In 2016 I’m embracing the decision.

Veeam CEO Ratmir Timashev recently wrote in a Fortune article, “It’s better to make a bad decision than to make no decision at all.” And that got me thinking.

When things aren’t going so great, I get super freaked out. Or scared. Or sad. Or mad. But, whatever I am at the time, I know I’ve got to keep going, try to keep a clear head and decide which way to go. Out the window? Through the door? Left at the fork? What do I do next? A decision needs to be made, so I make one. Instinctively I know I can only stop and freeze for so long.

When everything’s going OK, status quo, boring even, that’s when I really freeze up.

Once you notice these feelings, these “indicators”, you’ve already done a lot of the hard work. Just noticing there is something going on is a step forward, and harnessing that momentum gets you to decision, even if the decision is to ultimately stay put.


Change your mindset to consider that your problems are really more opportunities to make decisions. And decisions get you closer to outcomes. And that’s what it’s all about.

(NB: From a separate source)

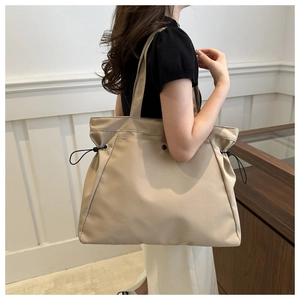 Detail of high-capacity beige tote bag featuring stylish side drawstring design and nylon fabric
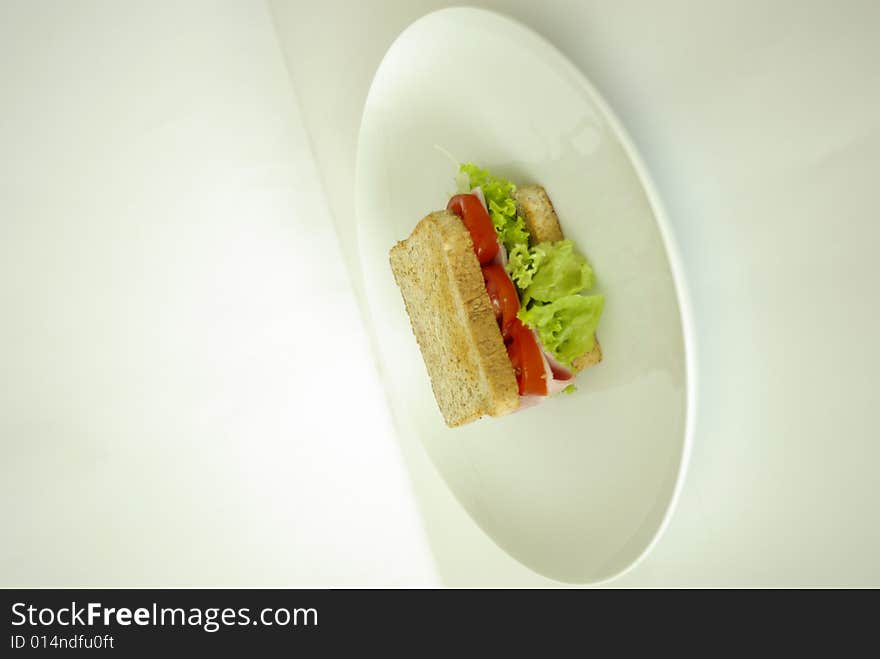 A close up view of a sandwich with salad tomatoes and ham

Playing it safe doesn't pay off

I saw Tig Notaro speak at a regional 3% Conference in Portland, Oregon, earlier this year. She was hysterical, of course, but one thing she said really resonated with me. When asked where she likes to perform, she said she prefers the hard gigs, the ones in small towns, where she has to work hard for every laugh. “The minute I feel safe,” she said, “That’s when I know I’m in trouble.”

It's OK to be wrong

If you plan to move into high gear on the decision-making front, understand that the odds are 100% that you’ll be wrong. Making mistakes is how we learn, and course correcting as we go is a way of life. “You can usually correct something that’s wrong,” wrote Timashev, “but you don’t always get a second chance.”

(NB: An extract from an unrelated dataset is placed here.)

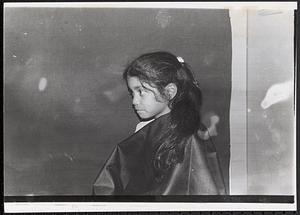 Young girl with a ponytail, seen in profile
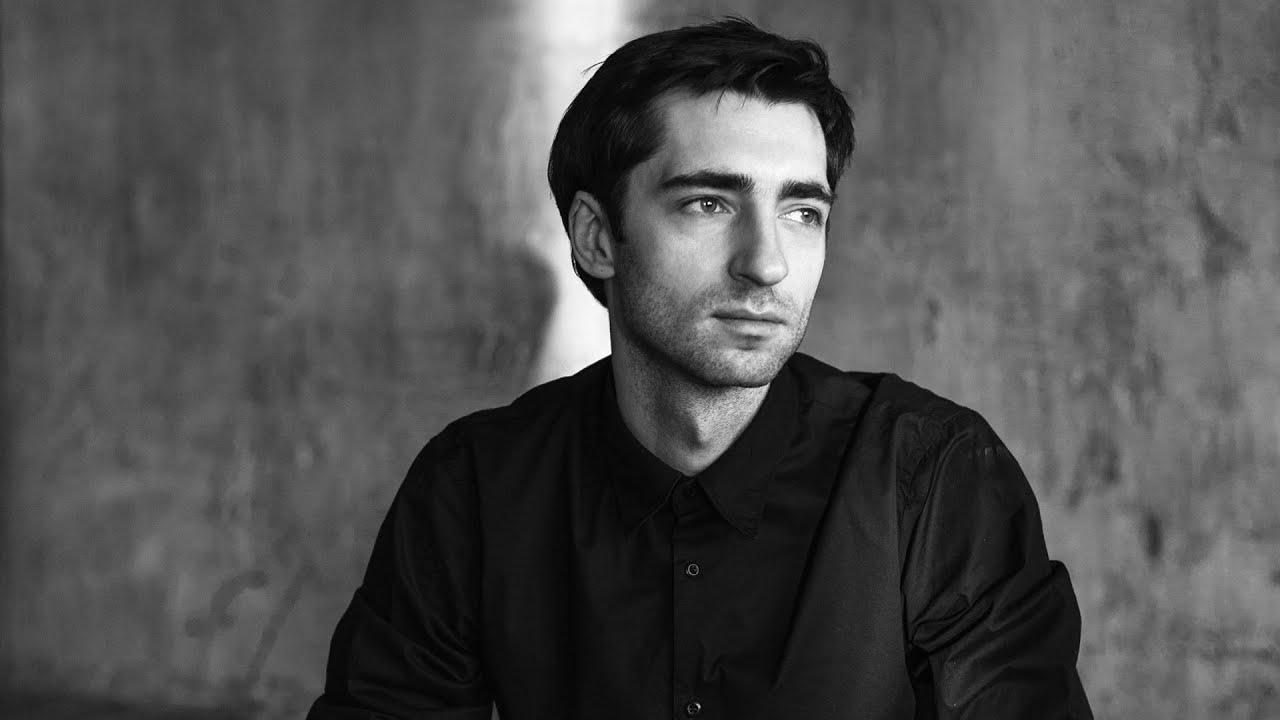 Promotional photograph of Evgeny Grinko.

How much more could you accomplish in your day if you gave up a 5% margin for error? Would you trade the chance you might be wrong for the windfall of getting more done? Studies show that success rates are more closely tied to productivity than accuracy, so consider “deciding” to let go—just a little—of the need to be right in favor of keeping the ball moving forward.

Build a positive outlook

We all know from experience that we often end up better off on the other side of a trying experience. You’ve had that happen, right? And maybe you told yourself that next time you would remember that you’ll likely end up in a better place when it’s all over. I did. But, of course, something else invariably happened, and then I forgot to heed the very advice I had wisely given myself. Commit to memory the reality that things often work out for the best. Especially if you make a decision along the way. That’s a ticket to the other side that you can control.

Consider the reality that if you don’t make decisions they will be made for you. Knowing that, what if you decided to make some super big, bold decisions this year? Not because you were forced to, but because you chose to. After all, as the author Karen Lamb famously wrote, “A year from now you may wish you had started today.”

Kari Olivier worked in various corporate marketing roles before migrating to the agency side. Kari is a writer, workshop facilitator, marketing strategist, and advisor to leaders at Fortune 500 companies and SMBs. She is co-founder of Jute Creative, a branding, marketing and communications agency in Portland, Oregon.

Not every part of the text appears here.